Donald Trump’s immigration plan may benefit Indians

WASHINGTON: In yet another shot at immigration reform that eluded both his democratic and republican predecessors, US President Donald Trump on Thursday unveiled proposals that favours merit and skill-based immigration while reducing the current emphasis on family-based immigration.

For India, the proposed changes, which have to meet legislative approval to become law, could mean a significant transformation in the kind of people who can immigrate to the US: Educated, English-speaking aspirants with specific skills, job offers, and ability to assimilate into American culture will get preference over those who immigrate merely on the basis of sponsorship from spouses, siblings, and even cousins.

Speaking from Rose Garden, Trump said right now the US immigration laws “discriminate against genius” and “discriminate against brilliance” because most of the green cards are given to low-skilled people who would make low wages.

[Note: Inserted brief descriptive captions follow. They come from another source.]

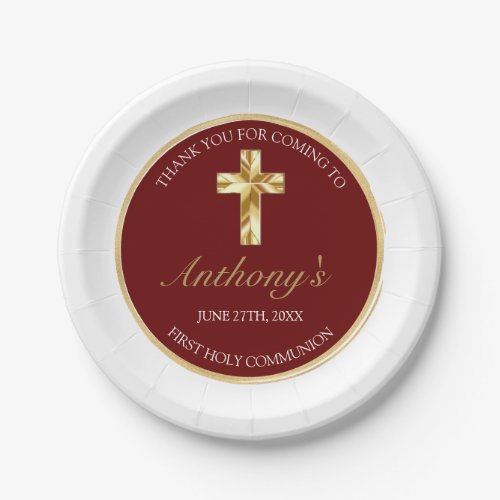 Elegant Gold First Holy Communion Thank You Paper Plates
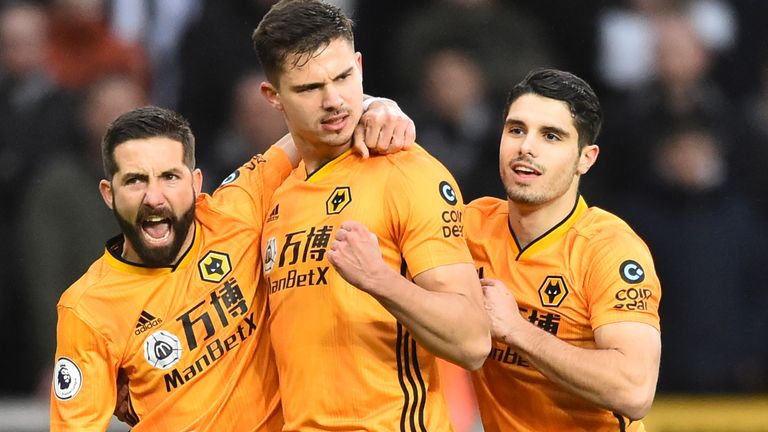 Leander Dendoncker celebrates his equaliser against Newcastle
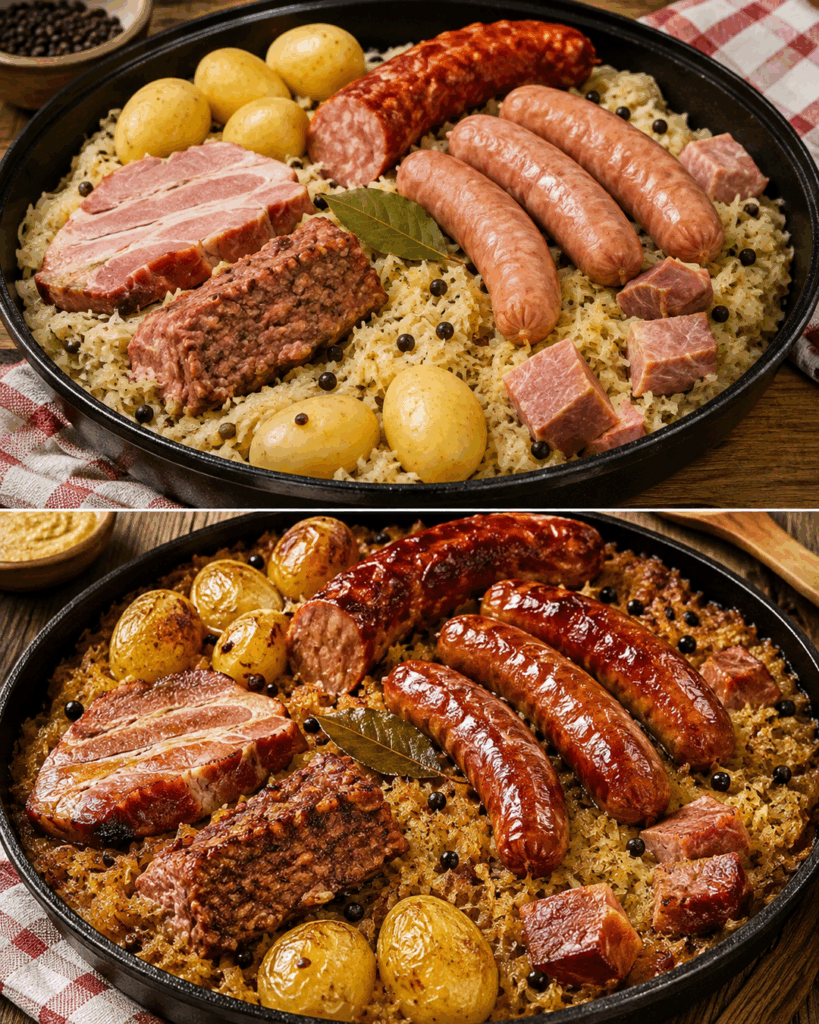 Deftiger Sauerkrauttopf mit Bratwurst, Kasseler und Kartoffeln aus dem Ofen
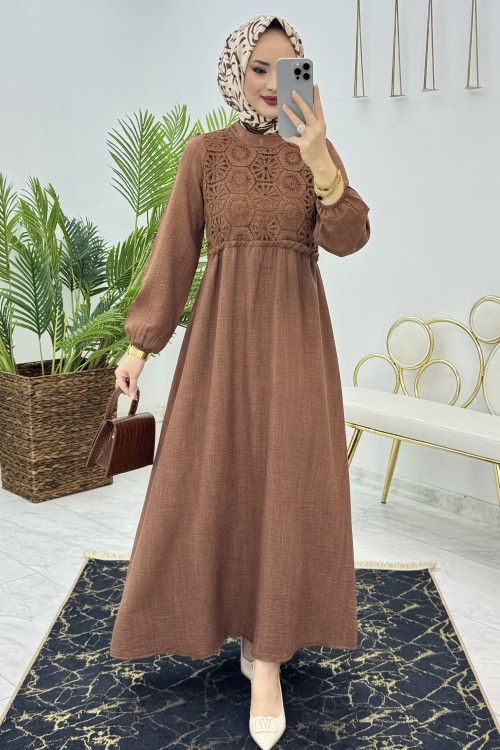 Kahve Serra Elbise Tesettür Giyim Kahverengi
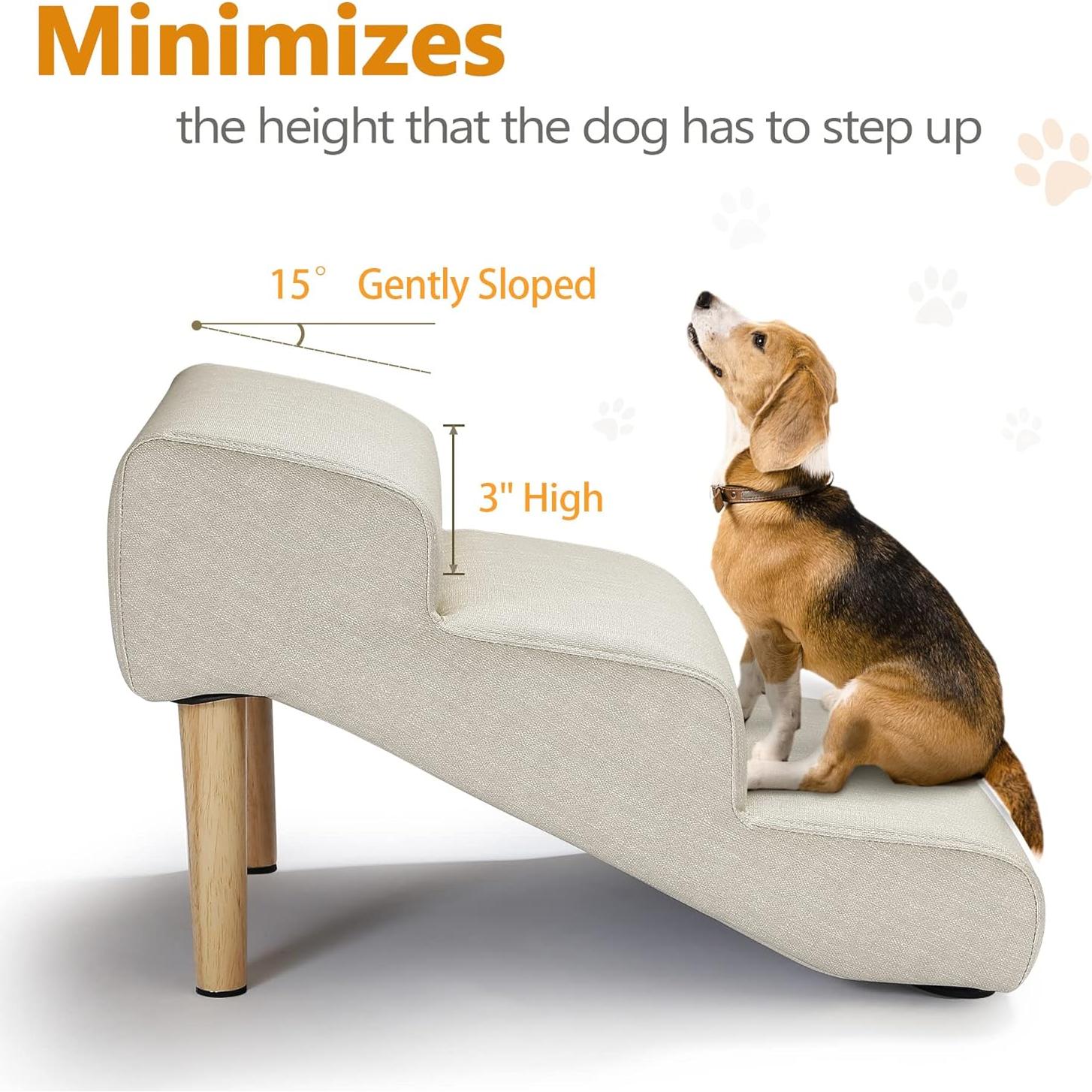 Escaleras para Perros Senneny 3 Pasos Beige Claro 68 kg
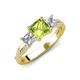 3 - Michele 2.41 ctw (6.50 mm) 3 Stone Princess Cut Peridot and Lab Grown Diamond Twisted Vine Engagement Ring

The US currently issues more than 1 million green cards each year granting foreigners legal permanent residency (which typically leads to citizenship), of which about 1,40,000 (12%) are based on employment and the rest on family ties, refugees status, and a diversity lottery.

Under Trump’s proposal, those numbers would be broadly reversed, with 57% of all visas going to immigrants with particular skills or offers of employment. “This will bring us in line with other countries and make us globally competitive,” the president said, asserting that the plan would make the country’s immigration system “the envy of the modern world”.

The proposals, which are the work of Trump’s son-in-law Jared Kushner, may not get congressional approval because it displeases too many lawmakers in both republican and democratic ranks. For one, the middle-of-the-road proposals do not envisage a net decrease in immigration, as demanded by Trump’s hardline nativist constituency, or even a reduction in Green Cards, the permanent residency permit that typically paves way to citizenship. On the other hand, it does not also address issues of more than 11 million undocumented workers, including 2 million the so called “dreamers” (people brought into the US as children), a major democratic demand.

Read also: ‘US to propose hike in H-1B application fee’
Many lawmakers and immigration activists — both for and against — were visibly underwhelmed by the proposals and some of them pronounced it “dead on arrival”, saying it will never pass Congress. Ahead of the speech, democratic house speaker Nancy Pelosi said “merit” was a “condescending” term.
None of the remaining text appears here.